For the entries below, print exactly the lines between the line holding "100 шт. 0603" and the line holding "Giacca blazer da", inclusive, and nothing else.

+++ Recorded data +++

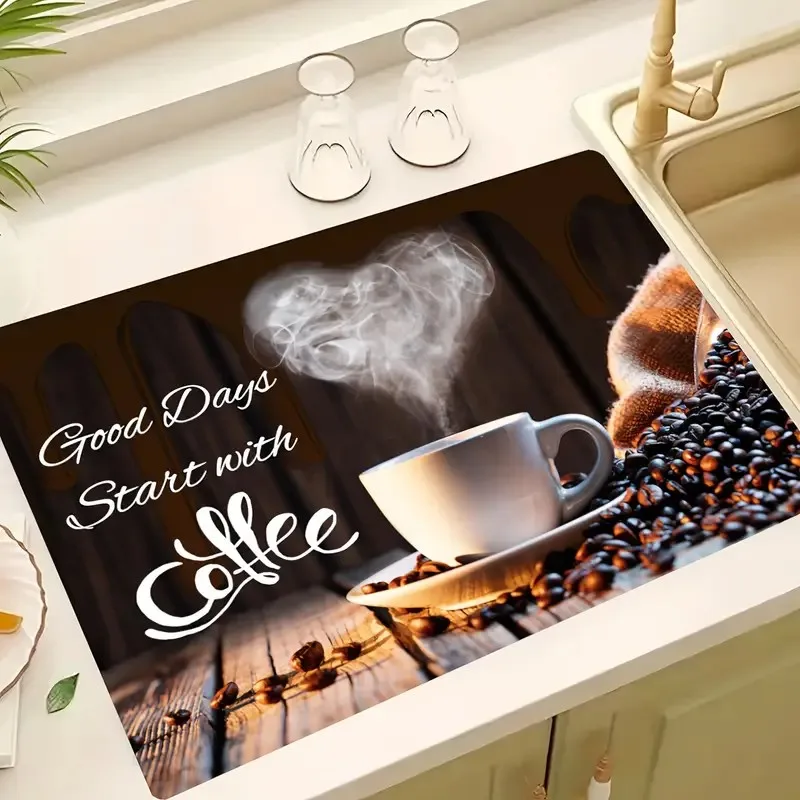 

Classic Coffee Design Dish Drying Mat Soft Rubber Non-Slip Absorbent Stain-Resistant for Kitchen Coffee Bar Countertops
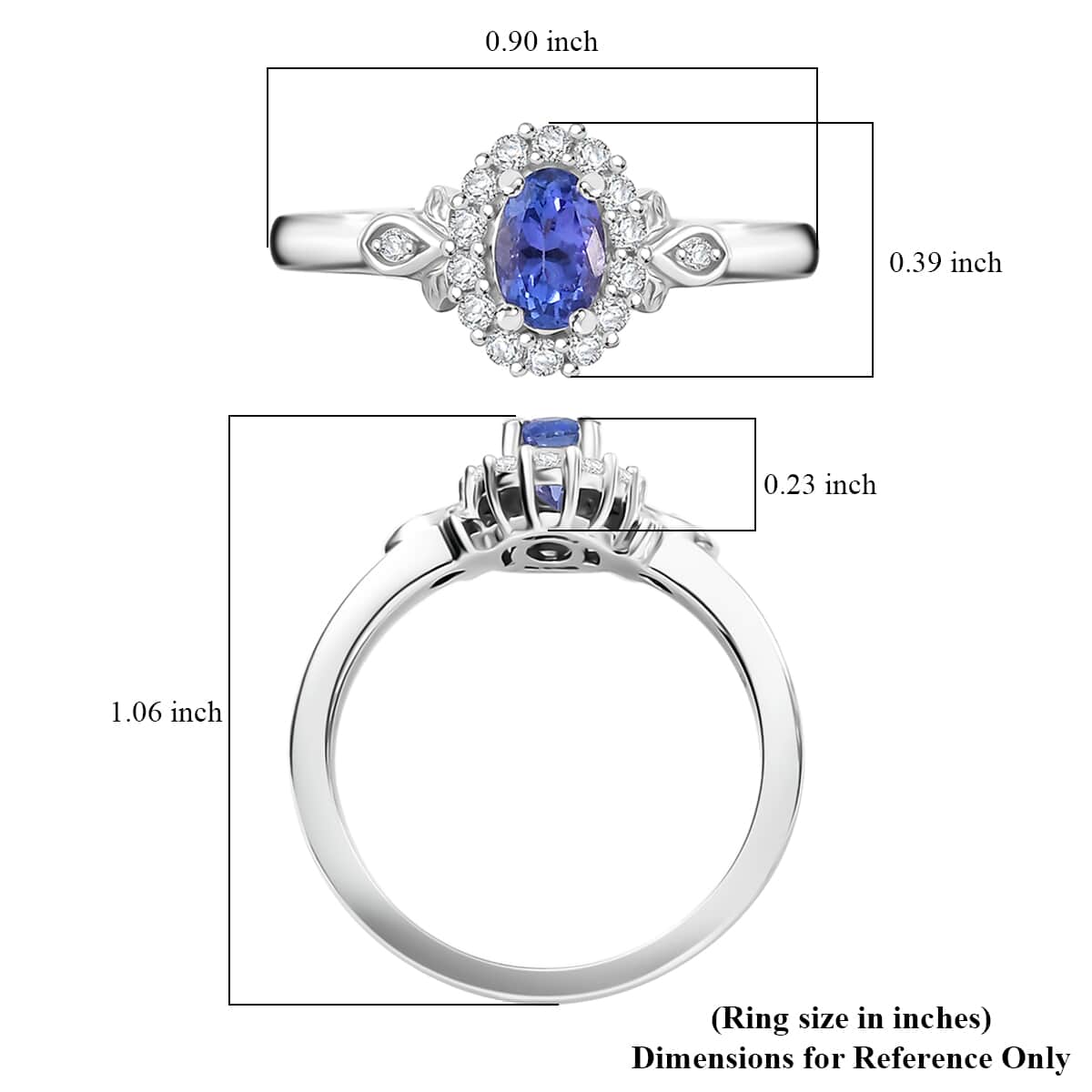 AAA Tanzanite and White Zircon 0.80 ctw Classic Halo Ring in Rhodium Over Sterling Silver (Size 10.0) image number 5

+++
+++ Recorded data +++

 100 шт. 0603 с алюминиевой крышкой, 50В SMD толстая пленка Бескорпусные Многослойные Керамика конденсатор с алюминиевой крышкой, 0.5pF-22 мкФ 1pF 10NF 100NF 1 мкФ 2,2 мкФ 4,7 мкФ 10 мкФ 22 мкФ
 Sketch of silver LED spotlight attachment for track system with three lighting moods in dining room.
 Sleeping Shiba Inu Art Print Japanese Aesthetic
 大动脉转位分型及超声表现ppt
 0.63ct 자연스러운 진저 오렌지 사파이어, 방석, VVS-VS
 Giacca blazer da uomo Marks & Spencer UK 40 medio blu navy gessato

+++

Expected answer:
 100 шт. 0603 с алюминиевой крышкой, 50В SMD толстая пленка Бескорпусные Многослойные Керамика конденсатор с алюминиевой крышкой, 0.5pF-22 мкФ 1pF 10NF 100NF 1 мкФ 2,2 мкФ 4,7 мкФ 10 мкФ 22 мкФ
 Sketch of silver LED spotlight attachment for track system with three lighting moods in dining room.
 Sleeping Shiba Inu Art Print Japanese Aesthetic
 大动脉转位分型及超声表现ppt
 0.63ct 자연스러운 진저 오렌지 사파이어, 방석, VVS-VS
 Giacca blazer da uomo Marks & Spencer UK 40 medio blu navy gessato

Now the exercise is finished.